Technology transfer - seeing the light
24 October 2011
CEE looks at a quality-control technology which is being transferred from its traditional applications in pulp and paper to the metal industry.
Having acquired the machine vision business operations of Viconsys Oy in Finland Metso is now expanding machine vision applications beyond its traditional fields of pulp and paper.
Machine vision systems using analogue tape-based cameras have been used in the paper industry for analysing track breaks since the early 1990s. In 1995, data storage was first digitised, followed by the cameras themselves. Viconsys is believed to be the first to integrate process cameras and fault detection into one system in which all cameras are able to identify and save both process incidents and faults.
Lighting is key in machine vision systems and lights working at a direct current level, that are constantly switched on, are usually employed. However, with fault detection in particular, lights fight each other when filming and picture quality can be poor. To counter this Viconsys developed a pulsating LED light as a replacement. The pulse is so short and sharp that the LEDs do not generate heat.
“Normal LED light burns constantly at an equal voltage. An LED pulsating with an electrical impulse is only switched on for 1-2% of the time”, said product manager Niko Niemelä. The pulsating light is reflected from above and below and as transilluminating light, which produces a different kind of response from the monitored surface. Pulsating LEDs have been synchronized with digital cameras so that the camera beam takes a picture from each light angle. The cameras capture 100–300 black-and-white images per second.
Real-time images are processed in a power processor. If the system discovers a sufficiently notable change in a process, it will automatically save the images. An analysis based on the image data helps classify faults.
The digital matrix imaging systems, developed for the observation of processes in the pulp and paper industry can be applied in the metal industry almost as they are, we are told. The matrix camera is the most important part of Metso’s capability to export this technology into other industries. Many competing pulp and paper equipment providers do not offer their own systems, and many fault detection solutions developed for quality inspection applications in the metal industry rely on traditional linescan technology.
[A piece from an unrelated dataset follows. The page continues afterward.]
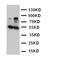 Hydroxysteroid 17-Beta Dehydrogenase 2 antibody, orb76118, Biorbyt, Western Blot image 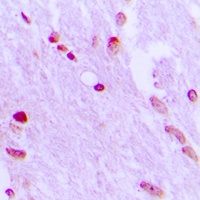 AIFM1 Rabbit Polyclonal Antibody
The core of the system is a processor card that has two DSP processors and one gigabyte of memory per camera. Data is transferred with optical fiber to the processor card to minimise electromagnetic disturbances from motors.
The movable system with a couple of cameras can be joined to a portable computer. Some larger systems supplied for paper machinery have had as many as 250 cameras. In such cases, data storage requires its own server. Fault/quality charts can be transferred from these systems either for the operator to view or can be printed for the customer with the delivery of goods.
Viconsys and Metso have already jointly delivered many systems. One project involves a fault detection system delivered to an aluminum manufacturer, and it uses a reflection survey on the metal surface to look for scratches, dents, abrasions, and material transported from outside.
Niemelä estimates that Metso machine vision at this stage is best suited for metal surfacing processes, in industries that use ready-painted steel or galvanizing. Machine vision technology can also be used for the quality control of metal used in the car industry. Other promising areas are strip-like processes with variable speeds, such as rolling.